Trump's Rightward Shift of Federal Courts Advances as Senate Confirms Anti-Choice Sarah Pitlyk

Sarah Pitlyk (R) is seen with other former law clerks for Supreme Court nominee Brett Kavanaugh at an event at the Heritage Foundation on August 9, 2018. (Photo: Tom Williams/CQ Roll Call)

Trump's Rightward Shift of Federal Courts Advances as Senate Confirms Anti-Choice Sarah Pitlyk

"Appalling."

Democrats and progressive groups expressed outrage after the U.S. Senate voted Wednesday to confirm lawyer Sarah Pitlyk for a lifetime appointment on the federal bench.

The 49-44 vote to confirm Pitlyk for judge on the U.S. District Court for the Eastern District of Missouri continues the Trump administration's rapid, rightward shift of the federal courts, an accomplishment about which Senate Majority Leader Mitch McConnell regularly brags.

Currently special counsel at the anti-choice law firm Thomas More Society, Pitlyk was previously clerk to Supreme Court Justice Brett Kavanaugh when he was judge for the federal appeals court for the District of Columbia Circuit. Pitlyk was among a group of Kavanaugh's former female law clerks who wrote to the Senate to express their "uniformly positive experiences" with Kavanaugh, who stands accused of sexual assault, during his confirmation process.

Pitlyk's record, according to Marge Baker, PFAW's executive vice president for policy and program, "is one of the worst we've seen among Trump judicial nominees." NARAL Pro-Choice America president lyse Hogue, for her part, called Pitlyk's confirmation to the Missouri federal court "a dream come true for the anti-choice movement and a profound danger to women and families in the state."

Among the factors driving the criticism is that the American Bar Association, in a letter (pdf) to the Senate in September, unanimously said that Pitlyk was "not qualified" for the position, citing her lack of "requisite trail or litigation experience or its equivalent."

In addition, HuffPostreported Tuesday on how Pitlyk has written and spoken against fertility treatments and surrogacy--a record that prompted Sen.
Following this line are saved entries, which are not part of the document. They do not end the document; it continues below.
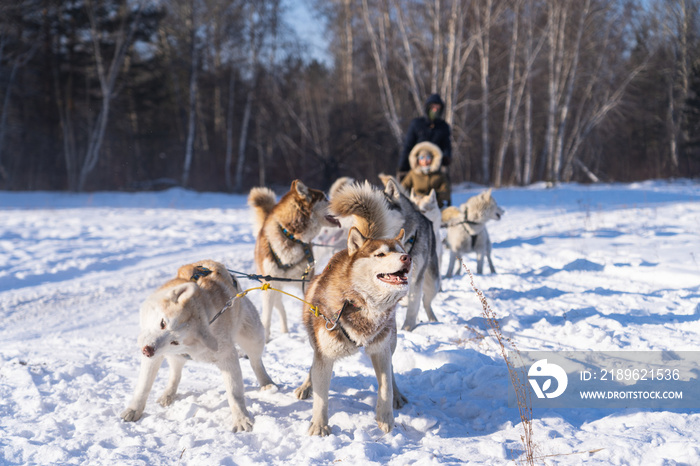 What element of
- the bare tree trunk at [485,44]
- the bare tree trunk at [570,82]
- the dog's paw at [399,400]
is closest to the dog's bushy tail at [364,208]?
the dog's paw at [399,400]

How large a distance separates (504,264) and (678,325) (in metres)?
3.30

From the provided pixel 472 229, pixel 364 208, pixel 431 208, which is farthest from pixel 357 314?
pixel 472 229

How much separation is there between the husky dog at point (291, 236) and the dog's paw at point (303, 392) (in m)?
1.38

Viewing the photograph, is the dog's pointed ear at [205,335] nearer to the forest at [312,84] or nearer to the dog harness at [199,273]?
the dog harness at [199,273]

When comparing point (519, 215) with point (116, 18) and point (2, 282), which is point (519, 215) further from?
point (116, 18)

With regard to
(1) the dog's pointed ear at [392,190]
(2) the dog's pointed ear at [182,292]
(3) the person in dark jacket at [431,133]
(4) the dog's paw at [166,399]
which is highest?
(3) the person in dark jacket at [431,133]

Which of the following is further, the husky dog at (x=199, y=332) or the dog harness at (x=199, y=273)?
the dog harness at (x=199, y=273)

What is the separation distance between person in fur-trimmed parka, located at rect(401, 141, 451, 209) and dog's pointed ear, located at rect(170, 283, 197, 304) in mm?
4330

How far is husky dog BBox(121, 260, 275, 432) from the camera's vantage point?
8.05 feet

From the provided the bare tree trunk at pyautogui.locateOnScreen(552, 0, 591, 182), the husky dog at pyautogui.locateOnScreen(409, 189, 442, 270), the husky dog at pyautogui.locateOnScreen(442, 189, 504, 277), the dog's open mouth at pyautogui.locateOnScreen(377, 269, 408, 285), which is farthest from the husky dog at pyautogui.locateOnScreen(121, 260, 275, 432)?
the bare tree trunk at pyautogui.locateOnScreen(552, 0, 591, 182)

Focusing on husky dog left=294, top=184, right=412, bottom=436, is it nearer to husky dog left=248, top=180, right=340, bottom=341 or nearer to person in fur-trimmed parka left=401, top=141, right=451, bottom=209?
husky dog left=248, top=180, right=340, bottom=341

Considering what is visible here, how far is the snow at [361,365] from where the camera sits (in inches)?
94.3

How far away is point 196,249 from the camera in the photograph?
8445mm

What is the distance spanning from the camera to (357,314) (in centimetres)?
254
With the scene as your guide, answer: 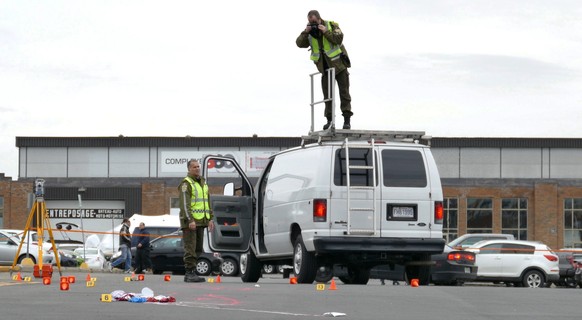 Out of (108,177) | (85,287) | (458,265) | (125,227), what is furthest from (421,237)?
(108,177)

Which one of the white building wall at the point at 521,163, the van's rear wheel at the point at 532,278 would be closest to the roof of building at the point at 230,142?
the white building wall at the point at 521,163

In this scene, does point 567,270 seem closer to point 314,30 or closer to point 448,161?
point 314,30

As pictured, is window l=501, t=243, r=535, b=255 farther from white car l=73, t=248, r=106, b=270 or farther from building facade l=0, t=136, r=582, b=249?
building facade l=0, t=136, r=582, b=249

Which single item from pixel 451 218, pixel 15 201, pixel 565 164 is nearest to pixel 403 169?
pixel 451 218

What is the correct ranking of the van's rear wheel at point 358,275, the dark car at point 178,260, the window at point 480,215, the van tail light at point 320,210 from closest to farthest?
1. the van tail light at point 320,210
2. the van's rear wheel at point 358,275
3. the dark car at point 178,260
4. the window at point 480,215

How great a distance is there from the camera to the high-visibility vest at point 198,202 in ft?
60.4

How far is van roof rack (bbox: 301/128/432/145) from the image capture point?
725 inches

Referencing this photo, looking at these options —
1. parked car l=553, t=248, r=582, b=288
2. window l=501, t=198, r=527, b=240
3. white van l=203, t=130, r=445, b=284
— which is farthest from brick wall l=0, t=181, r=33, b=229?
white van l=203, t=130, r=445, b=284

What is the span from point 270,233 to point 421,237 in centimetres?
276

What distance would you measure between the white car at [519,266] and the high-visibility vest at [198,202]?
1482 cm

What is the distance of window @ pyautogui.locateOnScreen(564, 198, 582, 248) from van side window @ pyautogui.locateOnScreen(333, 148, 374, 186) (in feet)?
170

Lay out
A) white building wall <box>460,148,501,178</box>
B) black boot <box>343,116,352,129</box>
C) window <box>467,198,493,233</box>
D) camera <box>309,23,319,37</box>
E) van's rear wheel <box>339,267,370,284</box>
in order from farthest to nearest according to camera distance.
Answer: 1. white building wall <box>460,148,501,178</box>
2. window <box>467,198,493,233</box>
3. van's rear wheel <box>339,267,370,284</box>
4. black boot <box>343,116,352,129</box>
5. camera <box>309,23,319,37</box>

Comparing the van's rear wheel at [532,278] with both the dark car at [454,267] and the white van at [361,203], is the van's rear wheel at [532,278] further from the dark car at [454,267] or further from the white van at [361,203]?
the white van at [361,203]

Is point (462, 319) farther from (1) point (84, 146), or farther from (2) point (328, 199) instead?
(1) point (84, 146) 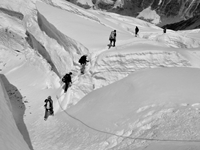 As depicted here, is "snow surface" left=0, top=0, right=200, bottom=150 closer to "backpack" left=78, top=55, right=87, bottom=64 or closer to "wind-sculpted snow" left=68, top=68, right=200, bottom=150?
"wind-sculpted snow" left=68, top=68, right=200, bottom=150

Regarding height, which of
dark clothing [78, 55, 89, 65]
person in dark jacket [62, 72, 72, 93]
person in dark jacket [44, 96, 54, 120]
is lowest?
person in dark jacket [44, 96, 54, 120]

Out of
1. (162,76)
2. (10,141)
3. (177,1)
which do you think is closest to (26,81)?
(162,76)

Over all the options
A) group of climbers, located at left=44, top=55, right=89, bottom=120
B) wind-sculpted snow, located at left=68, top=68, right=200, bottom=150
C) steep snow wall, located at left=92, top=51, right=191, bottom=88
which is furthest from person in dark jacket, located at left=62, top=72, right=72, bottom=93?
wind-sculpted snow, located at left=68, top=68, right=200, bottom=150

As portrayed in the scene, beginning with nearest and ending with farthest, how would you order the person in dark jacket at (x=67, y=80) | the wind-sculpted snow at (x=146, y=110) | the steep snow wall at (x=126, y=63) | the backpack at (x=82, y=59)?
1. the wind-sculpted snow at (x=146, y=110)
2. the steep snow wall at (x=126, y=63)
3. the person in dark jacket at (x=67, y=80)
4. the backpack at (x=82, y=59)

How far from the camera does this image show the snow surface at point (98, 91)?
8727 mm

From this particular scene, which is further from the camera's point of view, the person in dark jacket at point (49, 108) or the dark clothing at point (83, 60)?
the dark clothing at point (83, 60)

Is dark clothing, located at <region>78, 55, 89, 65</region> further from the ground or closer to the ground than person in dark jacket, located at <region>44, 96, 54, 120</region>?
further from the ground

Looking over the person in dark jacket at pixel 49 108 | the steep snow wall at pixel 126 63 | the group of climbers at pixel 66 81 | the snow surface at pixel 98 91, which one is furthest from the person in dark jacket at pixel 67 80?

Tammy Duckworth (D-Ill.) to write an op-ed published Wednesday at The Hill urging her colleagues to vote no. She wrote, "if Donald Trump's recent judicial nominees has her way, thousands of women like me may never be able to become moms."

Pitlyk's problematic background goes further, lawyers Kimya Forouzan and Jacqueline Tosto wrote at Rewire.news Wednesday.
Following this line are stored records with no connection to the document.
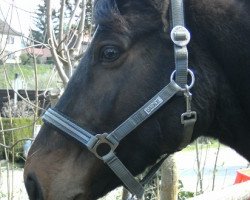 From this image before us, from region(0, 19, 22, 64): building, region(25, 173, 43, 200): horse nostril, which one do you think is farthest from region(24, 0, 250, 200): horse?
region(0, 19, 22, 64): building

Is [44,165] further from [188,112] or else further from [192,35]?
[192,35]

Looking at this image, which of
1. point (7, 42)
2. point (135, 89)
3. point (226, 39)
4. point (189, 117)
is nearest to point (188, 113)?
point (189, 117)

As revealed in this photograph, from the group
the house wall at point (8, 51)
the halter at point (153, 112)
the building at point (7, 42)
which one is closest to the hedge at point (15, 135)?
the house wall at point (8, 51)

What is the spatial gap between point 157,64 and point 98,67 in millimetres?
273

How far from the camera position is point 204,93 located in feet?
6.84

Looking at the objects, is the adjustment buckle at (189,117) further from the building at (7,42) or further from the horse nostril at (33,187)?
the building at (7,42)

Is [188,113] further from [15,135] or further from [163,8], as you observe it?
[15,135]

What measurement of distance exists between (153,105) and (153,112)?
A: 0.10 ft

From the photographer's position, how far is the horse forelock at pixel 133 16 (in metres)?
2.08

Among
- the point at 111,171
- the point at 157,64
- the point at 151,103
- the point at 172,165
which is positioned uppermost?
the point at 157,64

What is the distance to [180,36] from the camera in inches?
80.0

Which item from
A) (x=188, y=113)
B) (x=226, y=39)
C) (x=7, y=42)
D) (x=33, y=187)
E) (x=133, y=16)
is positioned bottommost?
(x=33, y=187)

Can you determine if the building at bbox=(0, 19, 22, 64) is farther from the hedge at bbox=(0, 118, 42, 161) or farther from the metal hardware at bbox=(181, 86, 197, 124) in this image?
the metal hardware at bbox=(181, 86, 197, 124)

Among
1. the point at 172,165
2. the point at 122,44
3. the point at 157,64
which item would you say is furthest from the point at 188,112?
the point at 172,165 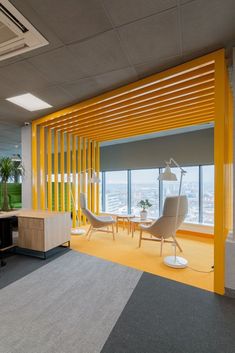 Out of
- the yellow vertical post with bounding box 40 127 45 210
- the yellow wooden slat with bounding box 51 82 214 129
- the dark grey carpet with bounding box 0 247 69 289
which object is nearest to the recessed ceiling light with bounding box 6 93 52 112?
the yellow wooden slat with bounding box 51 82 214 129

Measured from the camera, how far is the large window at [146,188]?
20.5 ft

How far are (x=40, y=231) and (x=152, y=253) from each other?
7.15 feet

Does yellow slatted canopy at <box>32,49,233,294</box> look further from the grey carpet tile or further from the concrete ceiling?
the grey carpet tile

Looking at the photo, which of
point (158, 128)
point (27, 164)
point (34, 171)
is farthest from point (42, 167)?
point (158, 128)

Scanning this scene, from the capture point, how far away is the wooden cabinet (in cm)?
333

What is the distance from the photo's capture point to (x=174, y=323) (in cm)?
180

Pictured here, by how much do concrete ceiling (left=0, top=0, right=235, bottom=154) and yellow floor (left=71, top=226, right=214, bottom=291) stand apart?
308cm

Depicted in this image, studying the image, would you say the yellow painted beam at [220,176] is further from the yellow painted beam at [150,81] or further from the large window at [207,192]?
the large window at [207,192]

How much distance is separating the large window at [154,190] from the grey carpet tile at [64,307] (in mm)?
3313

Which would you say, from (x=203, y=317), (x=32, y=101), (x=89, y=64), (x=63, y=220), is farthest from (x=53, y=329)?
(x=32, y=101)

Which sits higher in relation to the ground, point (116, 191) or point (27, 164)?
point (27, 164)

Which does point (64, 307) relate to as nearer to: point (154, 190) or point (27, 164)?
point (27, 164)

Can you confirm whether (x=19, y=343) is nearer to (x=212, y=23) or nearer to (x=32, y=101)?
(x=212, y=23)

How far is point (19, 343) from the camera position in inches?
62.0
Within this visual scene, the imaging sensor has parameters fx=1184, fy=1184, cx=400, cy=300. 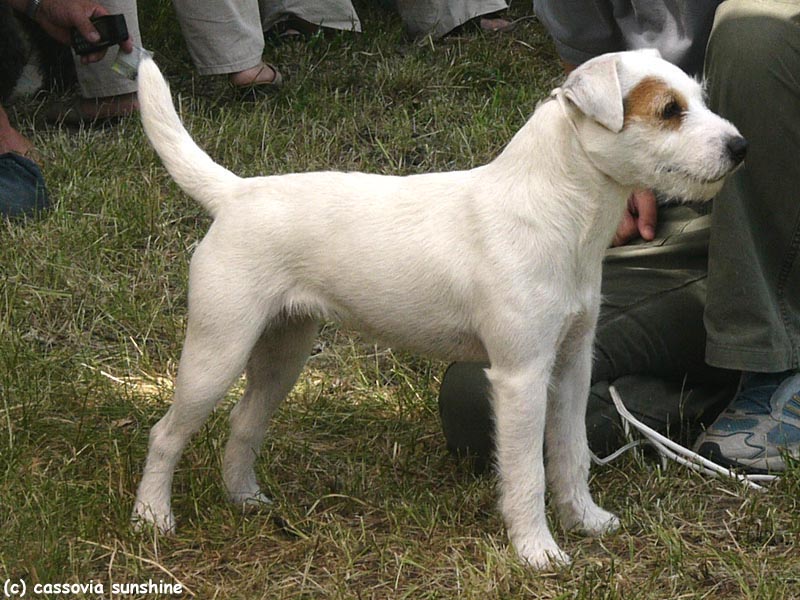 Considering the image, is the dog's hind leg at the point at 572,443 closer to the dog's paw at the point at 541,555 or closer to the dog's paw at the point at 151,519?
the dog's paw at the point at 541,555

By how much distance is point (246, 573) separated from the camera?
253 cm

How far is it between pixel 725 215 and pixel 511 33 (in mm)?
3126

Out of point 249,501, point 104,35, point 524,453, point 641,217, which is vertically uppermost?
point 524,453

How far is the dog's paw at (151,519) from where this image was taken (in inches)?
104

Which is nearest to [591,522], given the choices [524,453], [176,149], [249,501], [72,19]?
[524,453]

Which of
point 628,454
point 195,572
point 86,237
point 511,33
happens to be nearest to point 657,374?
point 628,454

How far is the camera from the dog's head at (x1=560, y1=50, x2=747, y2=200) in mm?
2314

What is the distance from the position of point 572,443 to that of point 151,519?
0.96 m

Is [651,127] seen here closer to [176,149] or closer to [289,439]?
[176,149]

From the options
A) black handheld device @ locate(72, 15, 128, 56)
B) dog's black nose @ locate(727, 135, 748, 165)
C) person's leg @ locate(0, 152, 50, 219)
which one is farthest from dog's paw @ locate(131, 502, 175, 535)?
black handheld device @ locate(72, 15, 128, 56)

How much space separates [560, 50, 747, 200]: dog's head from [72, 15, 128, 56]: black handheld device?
2.53 m

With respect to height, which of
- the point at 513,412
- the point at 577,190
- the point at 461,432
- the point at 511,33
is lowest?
the point at 511,33

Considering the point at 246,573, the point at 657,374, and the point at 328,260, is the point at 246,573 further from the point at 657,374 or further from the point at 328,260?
the point at 657,374

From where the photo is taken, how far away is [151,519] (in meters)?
2.67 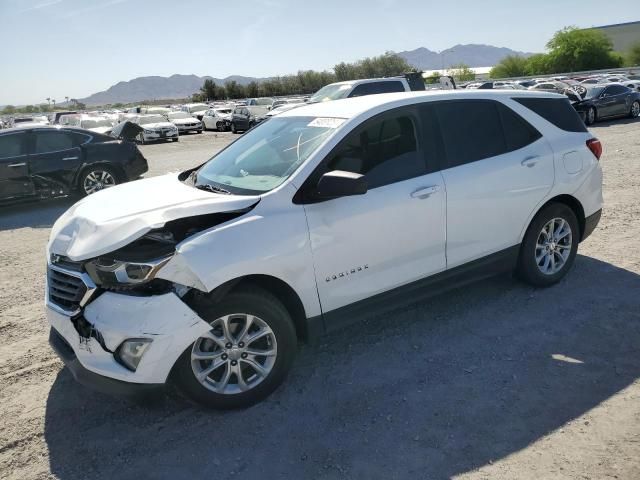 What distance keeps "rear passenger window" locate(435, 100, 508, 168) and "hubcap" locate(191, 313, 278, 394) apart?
1.96 metres

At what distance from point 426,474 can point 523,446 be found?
1.95ft

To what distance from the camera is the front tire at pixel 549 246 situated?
4.59 meters

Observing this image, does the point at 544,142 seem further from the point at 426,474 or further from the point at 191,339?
the point at 191,339

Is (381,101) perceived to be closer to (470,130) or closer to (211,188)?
(470,130)

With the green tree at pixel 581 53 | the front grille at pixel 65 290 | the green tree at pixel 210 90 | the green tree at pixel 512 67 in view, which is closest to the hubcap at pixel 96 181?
the front grille at pixel 65 290

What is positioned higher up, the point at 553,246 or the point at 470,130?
the point at 470,130

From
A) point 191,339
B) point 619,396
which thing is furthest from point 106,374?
point 619,396

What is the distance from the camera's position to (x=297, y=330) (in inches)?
139

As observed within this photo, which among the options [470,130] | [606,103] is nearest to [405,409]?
[470,130]

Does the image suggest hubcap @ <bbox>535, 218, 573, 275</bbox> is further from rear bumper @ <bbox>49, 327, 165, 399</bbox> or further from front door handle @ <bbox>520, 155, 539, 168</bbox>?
rear bumper @ <bbox>49, 327, 165, 399</bbox>

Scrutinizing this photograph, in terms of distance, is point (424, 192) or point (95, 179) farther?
point (95, 179)

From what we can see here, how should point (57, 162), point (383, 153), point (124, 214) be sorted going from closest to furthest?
point (124, 214)
point (383, 153)
point (57, 162)

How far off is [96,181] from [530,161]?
8.47 meters

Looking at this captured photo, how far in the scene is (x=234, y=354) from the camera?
3.21 metres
Pitlyk's advocacy as a lawyer has focused on policies that unequally harm women of color, such as her work supporting the Title X final rule, which disproportionately limits access to reproductive health care for women of color. She also co-authored an amicus brief in opposition to insurance coverage of birth control for employees, and has publicly opposed the Affordable Care Act, which has significantly expanded health-care access for communities of color.

One of the most concerning aspects of Pitlyk's work is her misguided advocacy for bans on so-called race- and sex-selective abortion. These bans prohibit abortion providers from performing abortions if the provider knows or suspects that a pregnant person's reason for the abortion is the race or sex of the fetus. But those suspicions are often rooted in harmful racist stereotypes--as are Pitlyk's arguments.
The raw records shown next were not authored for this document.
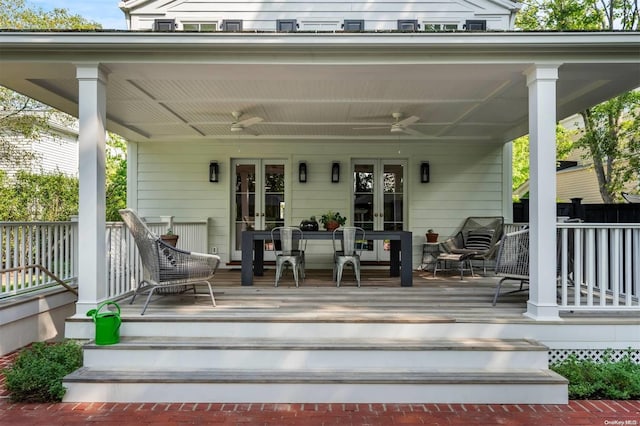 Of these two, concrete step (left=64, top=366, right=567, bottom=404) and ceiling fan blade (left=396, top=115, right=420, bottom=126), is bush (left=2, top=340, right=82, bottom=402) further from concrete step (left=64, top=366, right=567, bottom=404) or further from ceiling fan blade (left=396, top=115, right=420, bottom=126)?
ceiling fan blade (left=396, top=115, right=420, bottom=126)

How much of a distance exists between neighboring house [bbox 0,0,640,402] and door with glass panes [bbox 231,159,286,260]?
26 mm

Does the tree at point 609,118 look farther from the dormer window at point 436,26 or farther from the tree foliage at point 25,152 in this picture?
the tree foliage at point 25,152

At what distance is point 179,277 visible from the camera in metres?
4.24

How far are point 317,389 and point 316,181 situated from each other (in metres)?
5.02

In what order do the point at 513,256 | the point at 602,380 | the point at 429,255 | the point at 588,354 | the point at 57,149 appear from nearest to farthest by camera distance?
1. the point at 602,380
2. the point at 588,354
3. the point at 513,256
4. the point at 429,255
5. the point at 57,149

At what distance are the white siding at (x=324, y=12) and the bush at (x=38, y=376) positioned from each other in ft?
19.4

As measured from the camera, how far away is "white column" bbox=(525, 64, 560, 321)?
3.86 metres

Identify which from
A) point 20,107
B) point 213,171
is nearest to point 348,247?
point 213,171

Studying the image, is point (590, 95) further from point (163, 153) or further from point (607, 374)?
point (163, 153)

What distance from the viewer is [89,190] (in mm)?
3900

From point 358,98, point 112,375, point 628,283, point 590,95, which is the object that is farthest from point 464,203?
point 112,375

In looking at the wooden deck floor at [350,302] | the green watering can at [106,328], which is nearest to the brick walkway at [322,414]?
the green watering can at [106,328]

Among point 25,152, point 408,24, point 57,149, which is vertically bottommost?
point 25,152

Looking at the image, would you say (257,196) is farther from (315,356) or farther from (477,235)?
(315,356) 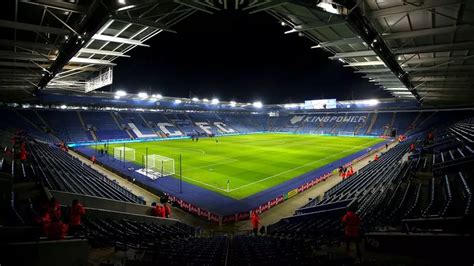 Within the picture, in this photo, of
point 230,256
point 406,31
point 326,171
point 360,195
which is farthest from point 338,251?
point 326,171

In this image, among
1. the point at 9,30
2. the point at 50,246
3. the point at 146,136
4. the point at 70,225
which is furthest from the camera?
the point at 146,136

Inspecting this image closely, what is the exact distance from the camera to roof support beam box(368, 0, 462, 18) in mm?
7875

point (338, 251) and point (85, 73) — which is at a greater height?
point (85, 73)

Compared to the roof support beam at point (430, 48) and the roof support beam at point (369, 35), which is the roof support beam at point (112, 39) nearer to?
the roof support beam at point (369, 35)

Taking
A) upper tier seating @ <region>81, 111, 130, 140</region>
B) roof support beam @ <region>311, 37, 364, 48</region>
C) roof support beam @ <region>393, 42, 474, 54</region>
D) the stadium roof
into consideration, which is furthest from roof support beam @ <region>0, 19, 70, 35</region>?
upper tier seating @ <region>81, 111, 130, 140</region>

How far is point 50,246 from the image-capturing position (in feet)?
18.2

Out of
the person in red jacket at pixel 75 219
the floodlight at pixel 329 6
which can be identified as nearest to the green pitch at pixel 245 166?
the person in red jacket at pixel 75 219

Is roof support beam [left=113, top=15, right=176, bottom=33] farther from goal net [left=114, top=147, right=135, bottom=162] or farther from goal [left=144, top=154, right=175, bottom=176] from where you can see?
goal net [left=114, top=147, right=135, bottom=162]

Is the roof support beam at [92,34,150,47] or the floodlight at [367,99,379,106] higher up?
the floodlight at [367,99,379,106]

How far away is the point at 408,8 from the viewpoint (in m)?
8.50

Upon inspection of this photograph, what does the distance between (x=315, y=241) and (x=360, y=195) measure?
22.3ft

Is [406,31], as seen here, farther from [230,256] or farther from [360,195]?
[230,256]

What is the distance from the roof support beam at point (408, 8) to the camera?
788 centimetres

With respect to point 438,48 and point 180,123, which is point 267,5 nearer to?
point 438,48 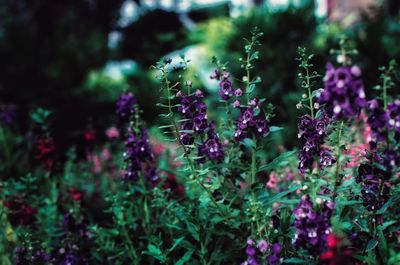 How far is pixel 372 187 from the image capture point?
2.51m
Vanita Gupta, president and CEO of The Leadership Conference on Civil and Human Rights, called Pitlyk's confirmation "deeply distubring" and said Pitlyk "has spent her career focused on restricting reproductive rights and women's access to healthcare."

Planned Parenthood Action's reaction to Pitlyk's confirmation was similarly bleak.

"Missourians already have to navigate an impossible landscape just to access abortion," the group said. "Sarah Pitlyk's confirmation to a lifetime federal judgeship now puts their health and rights in even greater jeopardy. Appalling."